*** Opening SUPPLIED ENTRIES ***

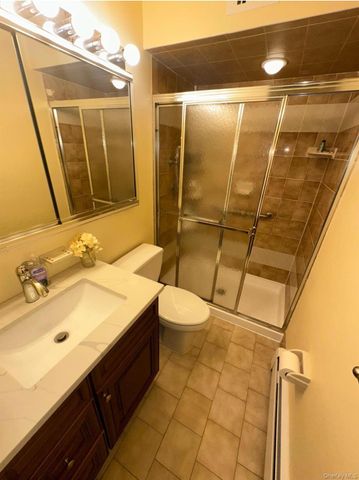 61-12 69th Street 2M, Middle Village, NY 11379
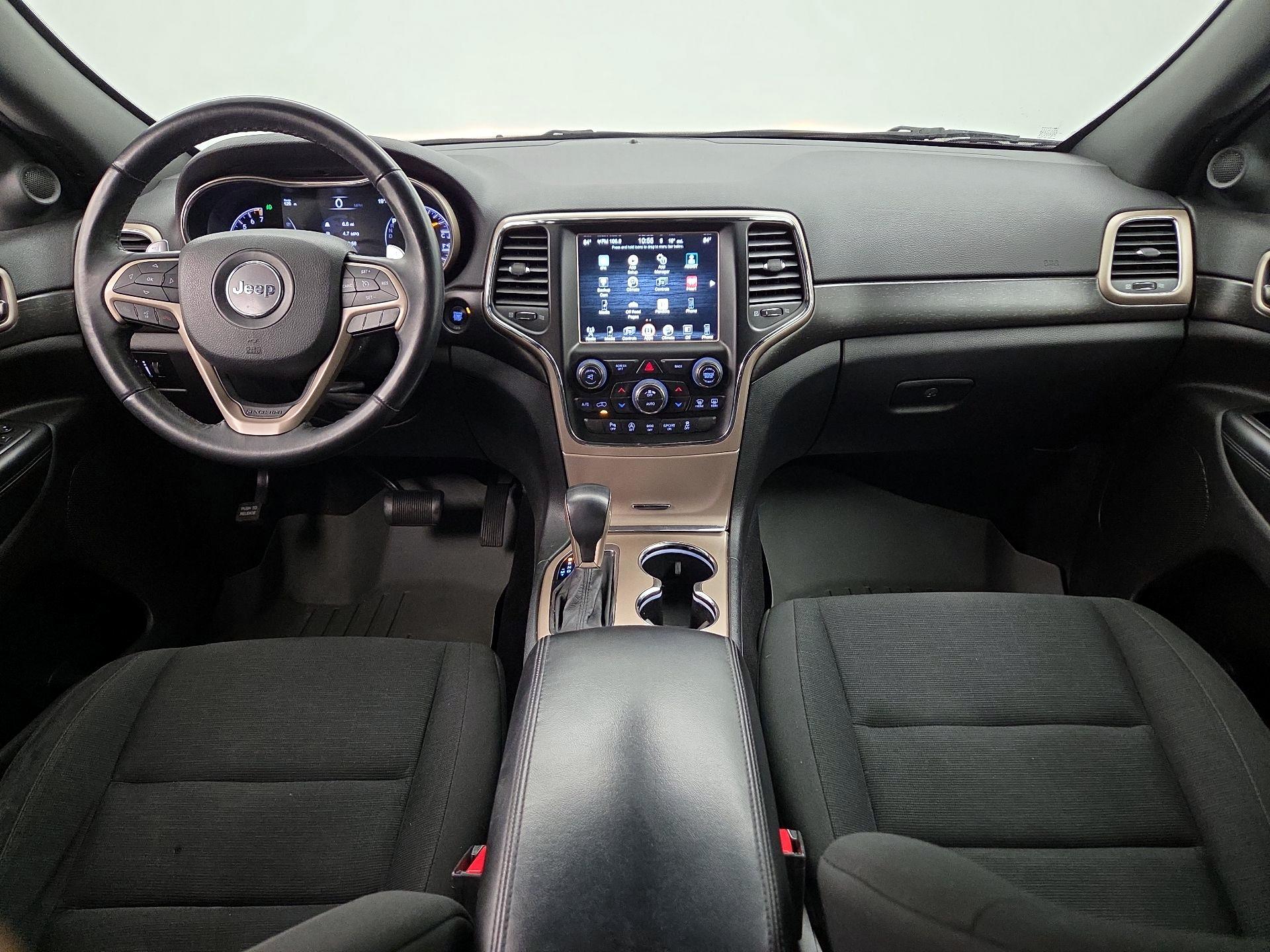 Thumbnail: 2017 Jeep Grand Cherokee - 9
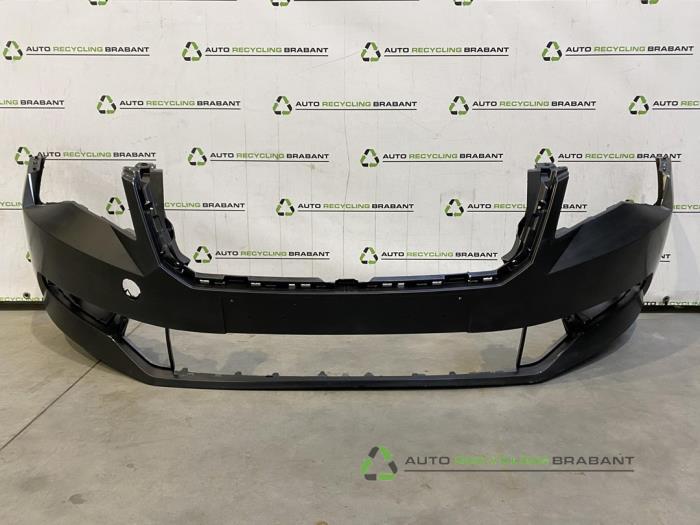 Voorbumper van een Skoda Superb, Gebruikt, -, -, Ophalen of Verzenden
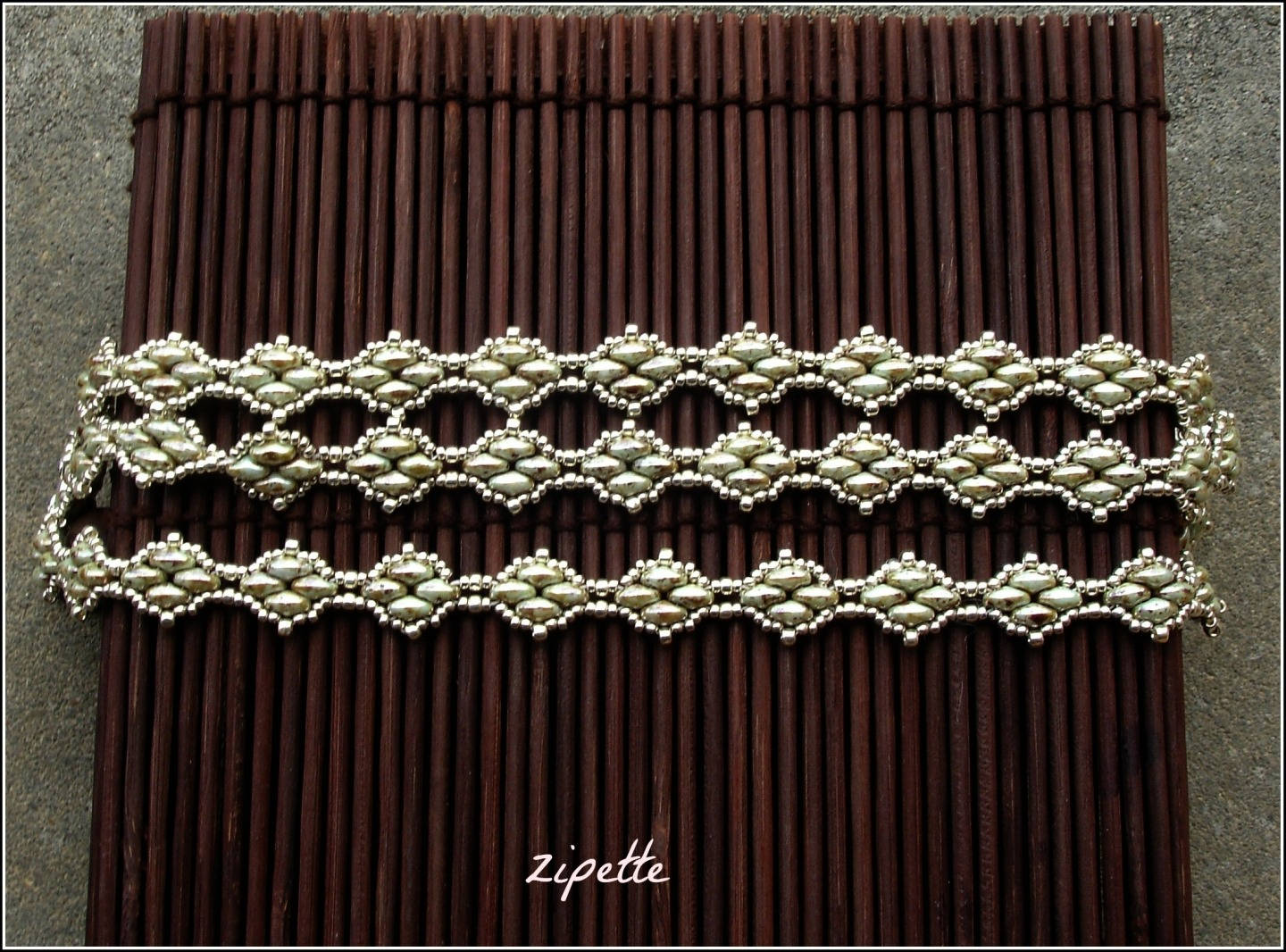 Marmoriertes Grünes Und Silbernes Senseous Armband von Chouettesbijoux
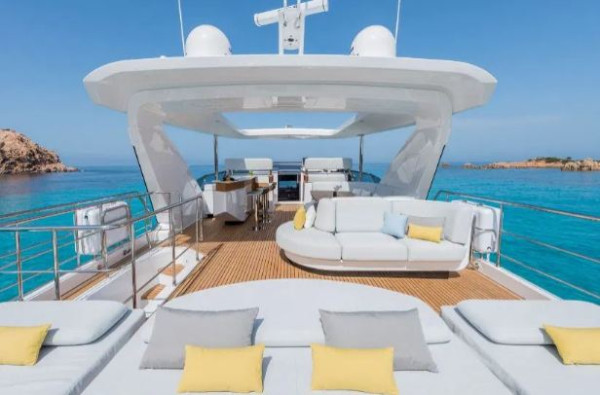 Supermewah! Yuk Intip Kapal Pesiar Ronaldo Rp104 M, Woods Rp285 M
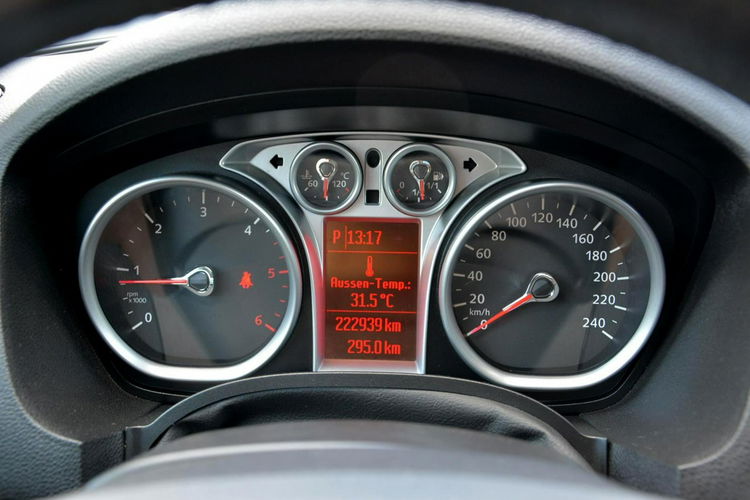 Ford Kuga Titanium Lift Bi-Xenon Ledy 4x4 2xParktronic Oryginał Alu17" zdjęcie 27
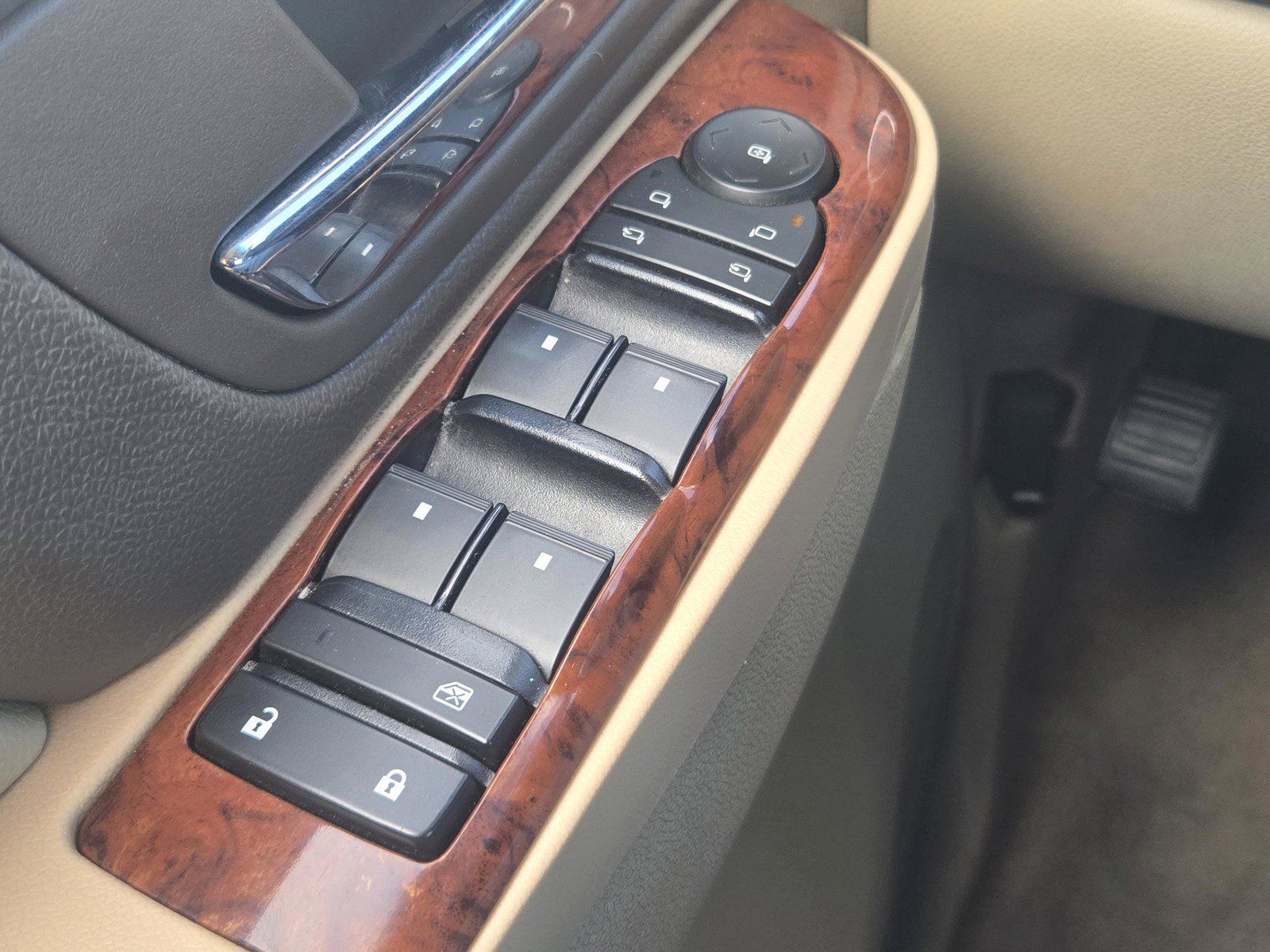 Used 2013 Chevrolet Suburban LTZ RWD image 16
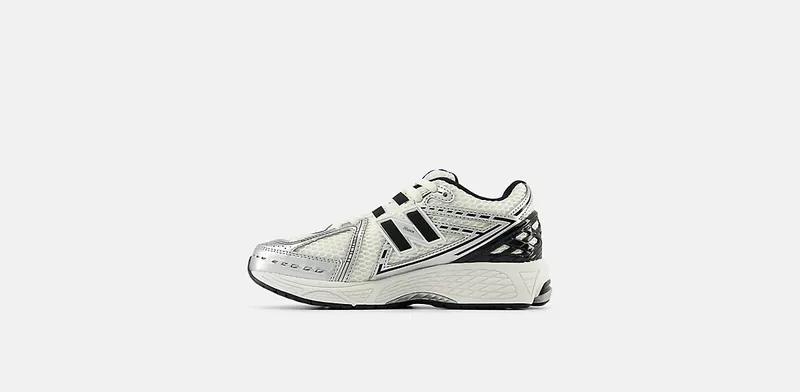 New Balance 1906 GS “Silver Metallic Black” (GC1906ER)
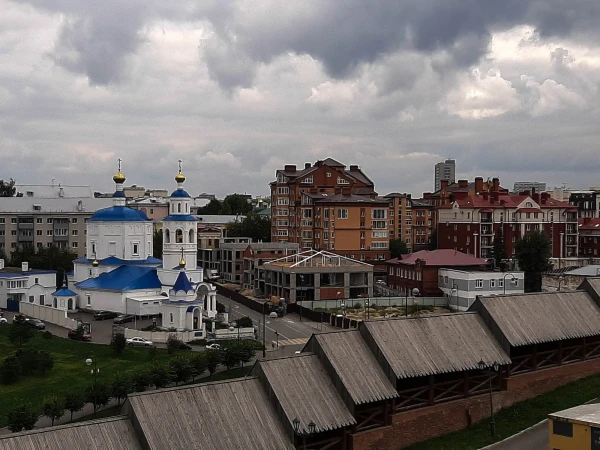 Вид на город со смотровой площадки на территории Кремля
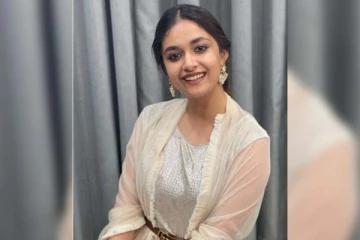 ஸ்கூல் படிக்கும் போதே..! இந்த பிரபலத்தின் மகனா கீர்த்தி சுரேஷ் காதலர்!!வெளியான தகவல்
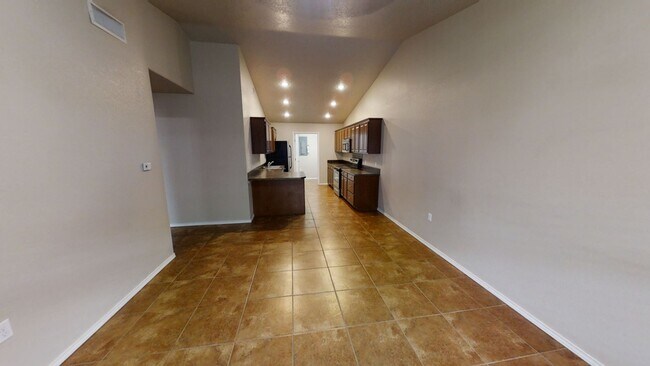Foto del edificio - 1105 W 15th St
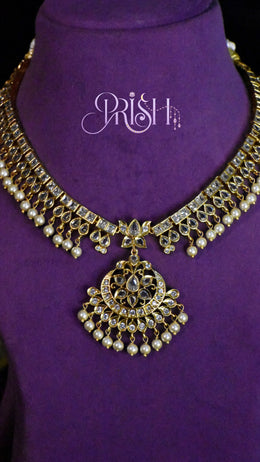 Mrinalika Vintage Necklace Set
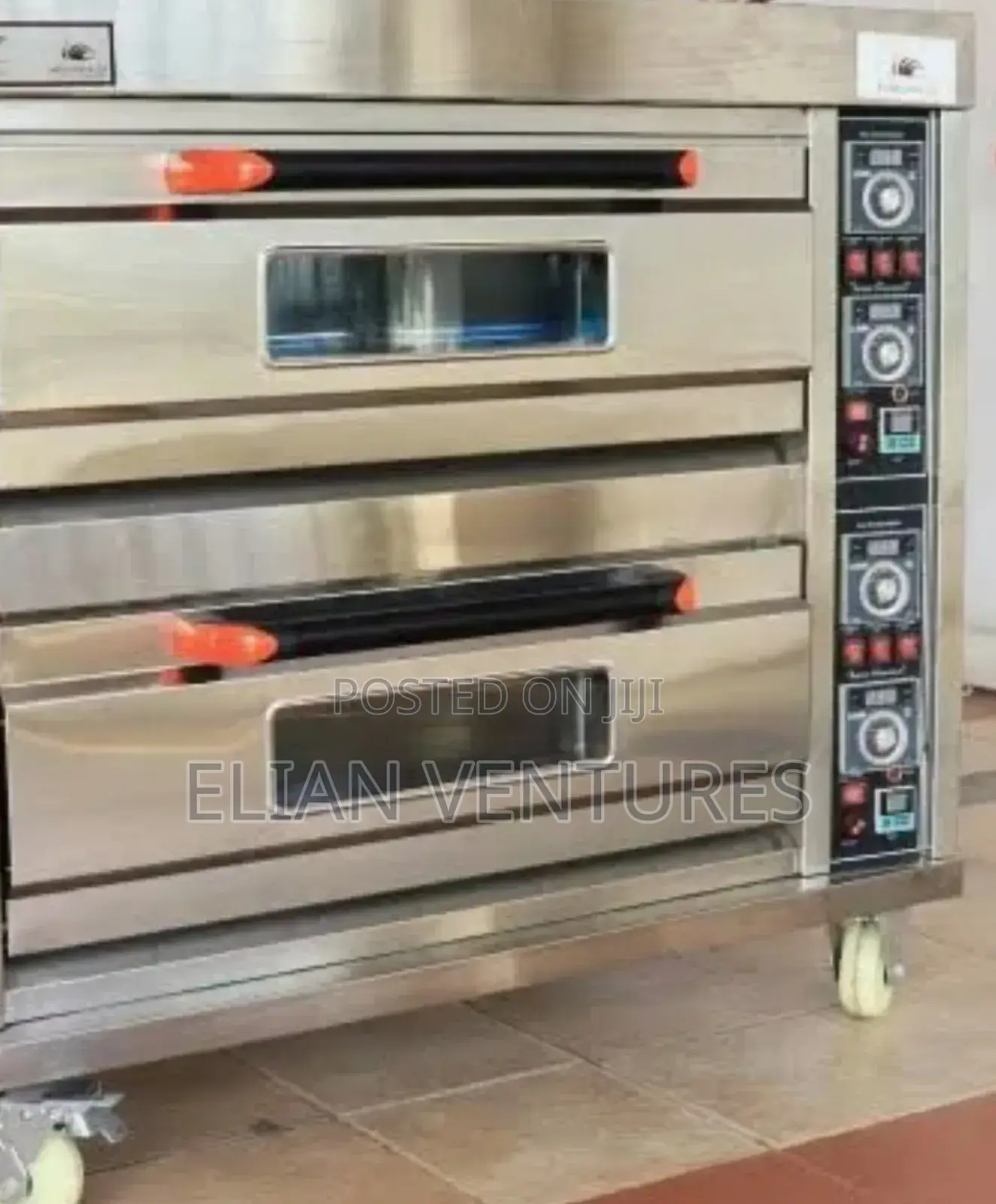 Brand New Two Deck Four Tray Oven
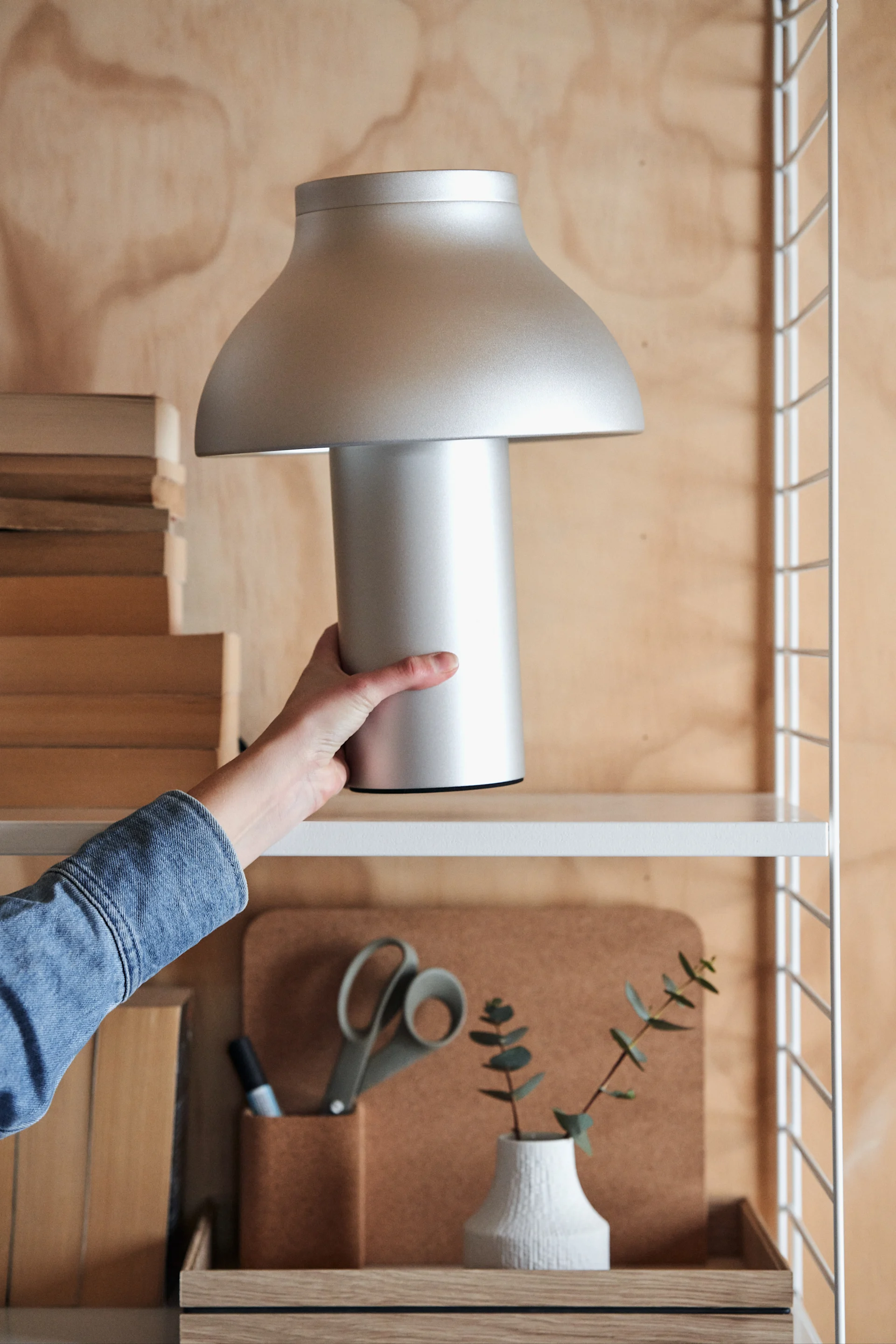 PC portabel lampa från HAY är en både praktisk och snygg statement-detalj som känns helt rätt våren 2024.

*** Closing SUPPLIED ENTRIES ***

EXERCISE GOAL: The lines from the one containing "Foto del edificio - 1105 W 15th St" through the final line of the data are to be repeated exactly, with both ends included and all pictures left out.

TASK SOLUTION:
Foto del edificio - 1105 W 15th St
 Mrinalika Vintage Necklace Set
 Brand New Two Deck Four Tray Oven
 PC portabel lampa från HAY är en både praktisk och snygg statement-detalj som känns helt rätt våren 2024.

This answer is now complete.